Use related_name inside the ForeignKey or OneToOneField to set the reverse accessor.

Examples
You can access all books of an author by author.books.all().
Django
class Author(models.Model):
    name = models.CharField(max_length=100)

class Book(models.Model):
    author = models.ForeignKey(Author, related_name='books', on_delete=models.CASCADE)
    title = models.CharField(max_length=200)
Use customer.orders.all() to get all orders for a customer.
Django
class Customer(models.Model):
    name = models.CharField(max_length=100)

class Order(models.Model):
    customer = models.ForeignKey(Customer, related_name='orders', on_delete=models.CASCADE)
    order_date = models.DateField()
Access all tasks of a project with project.tasks.all().
Django
class Project(models.Model):
    title = models.CharField(max_length=100)

class Task(models.Model):
    project = models.ForeignKey(Project, related_name='tasks', on_delete=models.CASCADE)
    description = models.TextField()
Sample Program

This example shows how to set a related name 'books' to access all books of an author easily.

Django
from django.db import models

class Author(models.Model):
    name = models.CharField(max_length=100)

class Book(models.Model):
    author = models.ForeignKey(Author, related_name='books', on_delete=models.CASCADE)
    title = models.CharField(max_length=200)

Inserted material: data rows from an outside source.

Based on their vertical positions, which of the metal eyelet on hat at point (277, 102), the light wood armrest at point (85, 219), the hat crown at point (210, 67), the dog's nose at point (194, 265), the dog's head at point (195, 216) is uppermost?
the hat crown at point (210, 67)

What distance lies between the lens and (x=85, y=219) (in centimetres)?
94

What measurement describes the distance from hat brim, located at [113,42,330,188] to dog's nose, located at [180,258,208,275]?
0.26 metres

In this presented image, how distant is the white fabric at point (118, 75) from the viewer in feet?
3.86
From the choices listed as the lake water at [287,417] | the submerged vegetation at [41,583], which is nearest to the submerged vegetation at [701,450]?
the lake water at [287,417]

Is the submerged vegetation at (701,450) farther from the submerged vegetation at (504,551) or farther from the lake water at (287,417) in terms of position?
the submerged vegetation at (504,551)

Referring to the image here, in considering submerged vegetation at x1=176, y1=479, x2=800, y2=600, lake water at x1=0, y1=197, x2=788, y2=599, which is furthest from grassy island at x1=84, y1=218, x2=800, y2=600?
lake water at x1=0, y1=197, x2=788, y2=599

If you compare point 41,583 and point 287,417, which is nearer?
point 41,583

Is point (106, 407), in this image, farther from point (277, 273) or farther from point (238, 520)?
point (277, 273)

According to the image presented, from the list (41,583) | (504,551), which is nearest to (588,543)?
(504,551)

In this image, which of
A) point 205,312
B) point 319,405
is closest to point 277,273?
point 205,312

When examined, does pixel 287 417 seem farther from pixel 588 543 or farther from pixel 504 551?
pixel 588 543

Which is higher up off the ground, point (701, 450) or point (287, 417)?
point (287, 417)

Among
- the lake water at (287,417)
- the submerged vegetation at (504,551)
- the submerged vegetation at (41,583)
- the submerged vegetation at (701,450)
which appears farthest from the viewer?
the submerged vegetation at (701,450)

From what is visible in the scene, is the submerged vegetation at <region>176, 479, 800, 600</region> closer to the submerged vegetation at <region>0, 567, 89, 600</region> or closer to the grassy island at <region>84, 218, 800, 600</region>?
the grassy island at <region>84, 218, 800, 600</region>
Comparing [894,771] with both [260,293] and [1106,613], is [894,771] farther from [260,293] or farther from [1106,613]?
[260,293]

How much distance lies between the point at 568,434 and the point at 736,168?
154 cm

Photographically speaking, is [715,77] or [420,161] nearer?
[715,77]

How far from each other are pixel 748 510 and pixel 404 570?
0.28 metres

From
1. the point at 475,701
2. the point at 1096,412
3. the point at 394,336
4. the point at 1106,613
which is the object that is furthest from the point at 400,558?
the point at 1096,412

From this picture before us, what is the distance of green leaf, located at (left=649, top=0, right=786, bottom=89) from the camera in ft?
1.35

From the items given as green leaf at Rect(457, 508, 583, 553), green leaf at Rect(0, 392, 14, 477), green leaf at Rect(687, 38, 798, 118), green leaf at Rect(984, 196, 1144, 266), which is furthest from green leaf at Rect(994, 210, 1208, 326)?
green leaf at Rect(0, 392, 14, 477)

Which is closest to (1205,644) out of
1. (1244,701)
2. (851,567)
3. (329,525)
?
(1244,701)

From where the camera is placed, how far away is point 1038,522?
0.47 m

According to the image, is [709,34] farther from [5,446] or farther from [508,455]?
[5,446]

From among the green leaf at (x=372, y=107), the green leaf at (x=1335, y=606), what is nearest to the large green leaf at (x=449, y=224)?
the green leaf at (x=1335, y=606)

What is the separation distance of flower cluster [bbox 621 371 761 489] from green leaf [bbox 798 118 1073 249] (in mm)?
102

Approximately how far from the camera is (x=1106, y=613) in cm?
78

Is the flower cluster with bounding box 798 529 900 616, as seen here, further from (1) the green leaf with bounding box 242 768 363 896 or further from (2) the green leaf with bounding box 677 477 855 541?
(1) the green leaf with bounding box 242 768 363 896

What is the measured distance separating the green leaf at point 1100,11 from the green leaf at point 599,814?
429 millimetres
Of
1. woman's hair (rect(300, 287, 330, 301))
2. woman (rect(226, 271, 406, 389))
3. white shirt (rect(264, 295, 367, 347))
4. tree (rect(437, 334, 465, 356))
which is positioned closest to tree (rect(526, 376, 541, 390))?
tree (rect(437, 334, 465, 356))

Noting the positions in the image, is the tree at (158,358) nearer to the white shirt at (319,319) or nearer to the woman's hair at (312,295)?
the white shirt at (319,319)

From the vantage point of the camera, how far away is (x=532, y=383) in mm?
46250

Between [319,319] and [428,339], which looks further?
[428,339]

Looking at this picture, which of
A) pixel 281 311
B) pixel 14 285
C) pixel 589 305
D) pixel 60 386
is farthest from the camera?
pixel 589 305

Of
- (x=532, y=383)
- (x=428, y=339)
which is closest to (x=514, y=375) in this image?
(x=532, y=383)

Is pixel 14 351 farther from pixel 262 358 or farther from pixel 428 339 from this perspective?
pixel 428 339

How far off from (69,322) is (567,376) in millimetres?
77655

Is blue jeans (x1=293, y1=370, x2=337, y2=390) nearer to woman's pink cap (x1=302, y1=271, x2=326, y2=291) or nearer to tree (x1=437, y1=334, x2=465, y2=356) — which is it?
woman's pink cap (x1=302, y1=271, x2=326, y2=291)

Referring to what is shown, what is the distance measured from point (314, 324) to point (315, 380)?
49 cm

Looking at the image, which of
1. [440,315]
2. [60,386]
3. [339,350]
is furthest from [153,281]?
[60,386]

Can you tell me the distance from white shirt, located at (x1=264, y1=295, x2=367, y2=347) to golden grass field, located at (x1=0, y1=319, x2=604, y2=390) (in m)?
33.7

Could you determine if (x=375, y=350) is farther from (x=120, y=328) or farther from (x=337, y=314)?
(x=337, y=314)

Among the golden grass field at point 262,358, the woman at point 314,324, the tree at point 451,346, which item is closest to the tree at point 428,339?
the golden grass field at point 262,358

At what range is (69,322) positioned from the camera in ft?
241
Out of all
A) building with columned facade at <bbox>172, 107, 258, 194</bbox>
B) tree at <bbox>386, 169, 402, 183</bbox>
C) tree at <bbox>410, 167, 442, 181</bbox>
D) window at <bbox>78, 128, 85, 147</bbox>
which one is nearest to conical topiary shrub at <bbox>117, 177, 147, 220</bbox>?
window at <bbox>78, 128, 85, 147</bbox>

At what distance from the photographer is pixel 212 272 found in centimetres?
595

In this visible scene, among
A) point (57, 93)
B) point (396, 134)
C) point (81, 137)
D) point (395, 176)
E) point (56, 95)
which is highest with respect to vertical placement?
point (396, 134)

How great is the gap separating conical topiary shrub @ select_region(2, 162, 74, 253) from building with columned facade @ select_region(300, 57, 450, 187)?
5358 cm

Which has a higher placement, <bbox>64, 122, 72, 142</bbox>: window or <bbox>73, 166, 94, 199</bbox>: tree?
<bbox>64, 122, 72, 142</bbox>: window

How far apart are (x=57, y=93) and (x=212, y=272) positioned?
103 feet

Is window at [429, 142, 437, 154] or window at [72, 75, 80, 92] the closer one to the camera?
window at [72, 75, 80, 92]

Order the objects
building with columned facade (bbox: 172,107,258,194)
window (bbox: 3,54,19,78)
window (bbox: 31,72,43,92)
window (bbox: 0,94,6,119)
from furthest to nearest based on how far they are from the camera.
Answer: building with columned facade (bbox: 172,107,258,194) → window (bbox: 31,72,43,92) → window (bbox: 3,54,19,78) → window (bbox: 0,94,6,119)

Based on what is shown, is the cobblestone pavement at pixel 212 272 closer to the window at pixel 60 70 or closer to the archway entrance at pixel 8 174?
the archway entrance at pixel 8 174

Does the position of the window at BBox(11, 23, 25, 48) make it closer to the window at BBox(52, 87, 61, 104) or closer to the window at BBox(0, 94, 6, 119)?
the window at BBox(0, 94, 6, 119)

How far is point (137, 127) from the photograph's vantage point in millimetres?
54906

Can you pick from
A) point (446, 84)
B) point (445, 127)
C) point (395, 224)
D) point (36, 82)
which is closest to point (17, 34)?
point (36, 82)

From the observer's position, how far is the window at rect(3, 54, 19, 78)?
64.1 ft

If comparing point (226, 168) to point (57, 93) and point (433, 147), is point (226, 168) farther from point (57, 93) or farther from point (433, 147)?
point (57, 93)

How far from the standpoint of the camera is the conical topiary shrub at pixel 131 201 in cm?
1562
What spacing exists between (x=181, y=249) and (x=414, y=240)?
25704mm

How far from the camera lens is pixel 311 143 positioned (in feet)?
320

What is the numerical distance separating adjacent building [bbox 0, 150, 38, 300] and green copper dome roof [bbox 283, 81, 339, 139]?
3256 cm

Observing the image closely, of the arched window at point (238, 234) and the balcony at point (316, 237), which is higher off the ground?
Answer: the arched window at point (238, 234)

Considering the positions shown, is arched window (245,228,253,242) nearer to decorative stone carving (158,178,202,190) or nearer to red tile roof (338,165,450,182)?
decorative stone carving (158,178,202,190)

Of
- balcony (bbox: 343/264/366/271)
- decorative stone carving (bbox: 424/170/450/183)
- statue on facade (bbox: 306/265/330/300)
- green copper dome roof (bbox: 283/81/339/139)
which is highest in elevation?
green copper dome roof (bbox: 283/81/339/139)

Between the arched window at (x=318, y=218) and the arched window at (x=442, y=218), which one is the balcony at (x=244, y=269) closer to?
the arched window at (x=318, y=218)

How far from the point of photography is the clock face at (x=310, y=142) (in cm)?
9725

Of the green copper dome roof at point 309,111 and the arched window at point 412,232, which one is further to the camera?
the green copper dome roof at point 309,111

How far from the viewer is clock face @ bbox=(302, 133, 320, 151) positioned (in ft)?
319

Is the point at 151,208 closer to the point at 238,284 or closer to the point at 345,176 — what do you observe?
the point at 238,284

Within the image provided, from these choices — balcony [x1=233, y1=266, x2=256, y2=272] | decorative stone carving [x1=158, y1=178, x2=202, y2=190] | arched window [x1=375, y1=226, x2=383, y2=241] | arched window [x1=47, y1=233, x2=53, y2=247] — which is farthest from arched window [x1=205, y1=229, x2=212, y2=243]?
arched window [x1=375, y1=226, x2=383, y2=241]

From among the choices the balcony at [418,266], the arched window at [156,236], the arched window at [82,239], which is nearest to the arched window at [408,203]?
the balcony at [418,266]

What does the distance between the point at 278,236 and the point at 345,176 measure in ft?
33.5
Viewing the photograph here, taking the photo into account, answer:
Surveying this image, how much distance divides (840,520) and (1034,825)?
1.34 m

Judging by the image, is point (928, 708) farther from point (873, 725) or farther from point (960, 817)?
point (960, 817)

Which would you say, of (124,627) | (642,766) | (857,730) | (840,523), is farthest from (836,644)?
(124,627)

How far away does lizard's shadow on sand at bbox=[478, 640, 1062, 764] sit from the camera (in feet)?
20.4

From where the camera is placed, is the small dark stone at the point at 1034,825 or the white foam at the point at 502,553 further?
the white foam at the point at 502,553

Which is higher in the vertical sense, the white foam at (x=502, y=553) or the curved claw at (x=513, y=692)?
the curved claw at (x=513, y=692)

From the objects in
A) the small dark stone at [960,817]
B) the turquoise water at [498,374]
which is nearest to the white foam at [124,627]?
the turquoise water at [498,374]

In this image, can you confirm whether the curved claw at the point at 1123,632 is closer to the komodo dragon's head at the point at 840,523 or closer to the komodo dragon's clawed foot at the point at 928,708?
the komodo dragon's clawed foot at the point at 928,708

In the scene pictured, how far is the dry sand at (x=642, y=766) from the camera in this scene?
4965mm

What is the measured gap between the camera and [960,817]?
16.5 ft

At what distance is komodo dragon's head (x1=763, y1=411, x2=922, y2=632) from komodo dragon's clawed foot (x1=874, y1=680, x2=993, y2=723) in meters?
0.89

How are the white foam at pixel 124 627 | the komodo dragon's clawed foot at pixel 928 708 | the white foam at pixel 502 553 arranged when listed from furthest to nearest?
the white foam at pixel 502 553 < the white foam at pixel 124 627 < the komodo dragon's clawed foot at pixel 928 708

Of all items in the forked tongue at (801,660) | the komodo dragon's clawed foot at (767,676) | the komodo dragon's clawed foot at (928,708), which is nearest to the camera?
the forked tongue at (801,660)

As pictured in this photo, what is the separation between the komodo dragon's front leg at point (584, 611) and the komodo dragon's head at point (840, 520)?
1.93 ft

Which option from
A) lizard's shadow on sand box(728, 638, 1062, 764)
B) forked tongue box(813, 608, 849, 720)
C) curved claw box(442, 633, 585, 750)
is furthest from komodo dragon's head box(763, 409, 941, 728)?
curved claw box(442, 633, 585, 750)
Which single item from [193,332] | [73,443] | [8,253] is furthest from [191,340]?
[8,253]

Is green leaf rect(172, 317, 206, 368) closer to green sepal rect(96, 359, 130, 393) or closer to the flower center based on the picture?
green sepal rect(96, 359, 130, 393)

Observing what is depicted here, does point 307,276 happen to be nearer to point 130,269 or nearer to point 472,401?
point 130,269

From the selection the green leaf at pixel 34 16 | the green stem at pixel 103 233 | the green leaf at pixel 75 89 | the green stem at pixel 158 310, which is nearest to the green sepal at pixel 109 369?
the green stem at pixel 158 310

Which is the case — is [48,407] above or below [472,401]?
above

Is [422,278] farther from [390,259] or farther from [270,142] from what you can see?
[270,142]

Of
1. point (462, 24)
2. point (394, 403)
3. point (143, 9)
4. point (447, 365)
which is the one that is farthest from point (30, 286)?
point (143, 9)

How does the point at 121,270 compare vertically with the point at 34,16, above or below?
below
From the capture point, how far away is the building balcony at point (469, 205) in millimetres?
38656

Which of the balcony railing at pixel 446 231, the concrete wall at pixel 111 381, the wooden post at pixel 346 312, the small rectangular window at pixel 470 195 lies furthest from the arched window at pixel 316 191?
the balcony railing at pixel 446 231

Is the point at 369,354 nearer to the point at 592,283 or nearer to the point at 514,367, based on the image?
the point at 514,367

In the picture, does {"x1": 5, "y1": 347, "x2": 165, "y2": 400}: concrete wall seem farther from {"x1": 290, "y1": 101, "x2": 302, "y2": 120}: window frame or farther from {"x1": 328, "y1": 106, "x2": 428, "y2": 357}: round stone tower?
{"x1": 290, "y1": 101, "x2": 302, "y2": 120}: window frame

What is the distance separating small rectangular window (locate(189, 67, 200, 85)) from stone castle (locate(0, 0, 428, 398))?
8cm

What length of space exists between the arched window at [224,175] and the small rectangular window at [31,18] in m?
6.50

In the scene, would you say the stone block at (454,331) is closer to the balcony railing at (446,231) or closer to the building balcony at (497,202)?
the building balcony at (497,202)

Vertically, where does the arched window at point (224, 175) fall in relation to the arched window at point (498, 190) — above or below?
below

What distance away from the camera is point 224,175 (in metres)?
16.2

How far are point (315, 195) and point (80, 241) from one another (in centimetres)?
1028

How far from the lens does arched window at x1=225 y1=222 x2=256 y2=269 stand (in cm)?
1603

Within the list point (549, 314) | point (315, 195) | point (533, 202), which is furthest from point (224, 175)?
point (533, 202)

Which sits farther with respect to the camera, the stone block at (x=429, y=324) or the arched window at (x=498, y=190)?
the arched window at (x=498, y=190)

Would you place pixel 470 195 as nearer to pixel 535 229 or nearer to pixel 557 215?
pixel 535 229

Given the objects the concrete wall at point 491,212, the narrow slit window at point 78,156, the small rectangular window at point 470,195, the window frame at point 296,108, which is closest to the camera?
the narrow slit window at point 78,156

# Usage example (not part of models):
# author = Author.objects.create(name='Alice')
# Book.objects.create(author=author, title='Book One')
# Book.objects.create(author=author, title='Book Two')
# print([book.title for book in author.books.all()])
OutputSuccess
Important Notes

If you don't set related_name, Django uses modelname_set by default (e.g., author.book_set.all()).

Choose clear and meaningful related names to keep your code readable.

Summary

related_name sets the name to access related objects backward.

It helps you get all linked items from the other side easily.

Always use it to make your code clearer and avoid default names.